Ingo Finch is a physician with the British Army.
He will become a spy.
Our first meeting of him has him under fire and likely to get shot or blown up by artillery on the front lines during the Second Boer War in South Africa in 1899. It was hardly the place to find anyone the least bit involved in espionage and Finch is very much not the least bit so involved. He is trying to stay alive and trying to help others in his company do the same.
Once back a tad from the ongoing carnage, he is again in a field operating room working feverishly to deal with the victims of that same carnage hopefully survive albeit without all the limbs they started the day with.
"As a family doctor back home, he had never before cut into anything more than a lab rat. In just a few short weeks he had been raised from a lancer of boils to some kind of surgeon. Truthfully, he felt more like a tradesman - a carpenter or plumber - removing bits, stemming flows, procedures far too gruesome for even the most cast iron of stomachs to bear."

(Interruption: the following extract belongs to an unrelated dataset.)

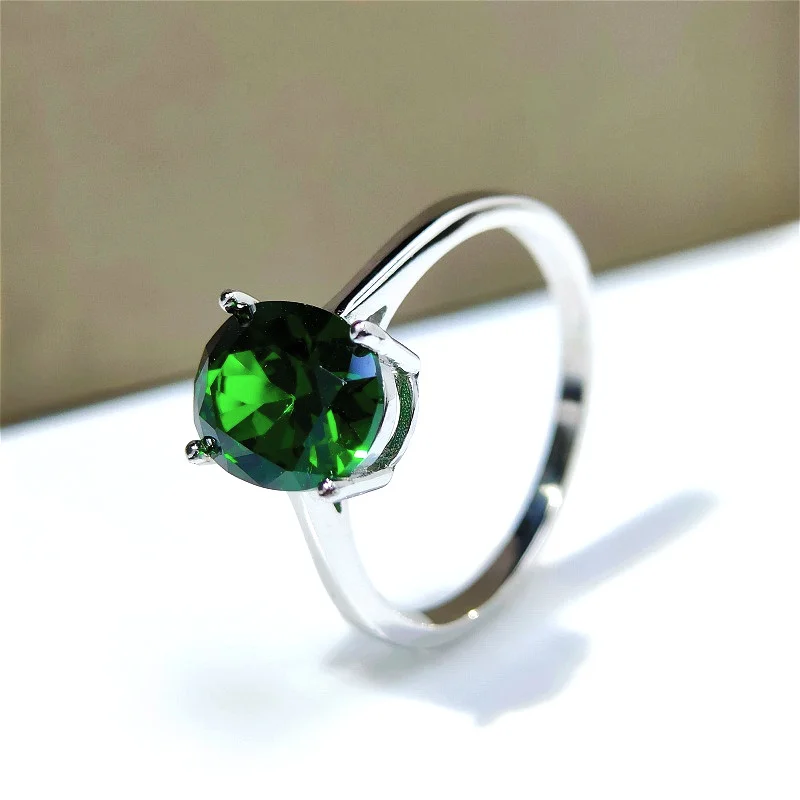 1pc 3 Carat S925 Silver Synthetic Zircon Green Oval Shaped Ring, Versatile Jewelry Cost Effective Choice Perfect Gift.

His ever-so gradual transition from the gory muck of the field operating tent into the murky world of clandestine operations will start when he reluctantly volunteers to remain behind with the wounded too hurt to be evacuated when a Retreat order is given for the British forces.
Even after that extremely interesting case that he would inadvertently get in the middle of is resolved and a few years pass bringing him back to England, his 'luck' for finding his way into other fascinating and highly dangerous situations will continue. The circumstances for his involvement will vary as much as the locales but they will all be quite exciting.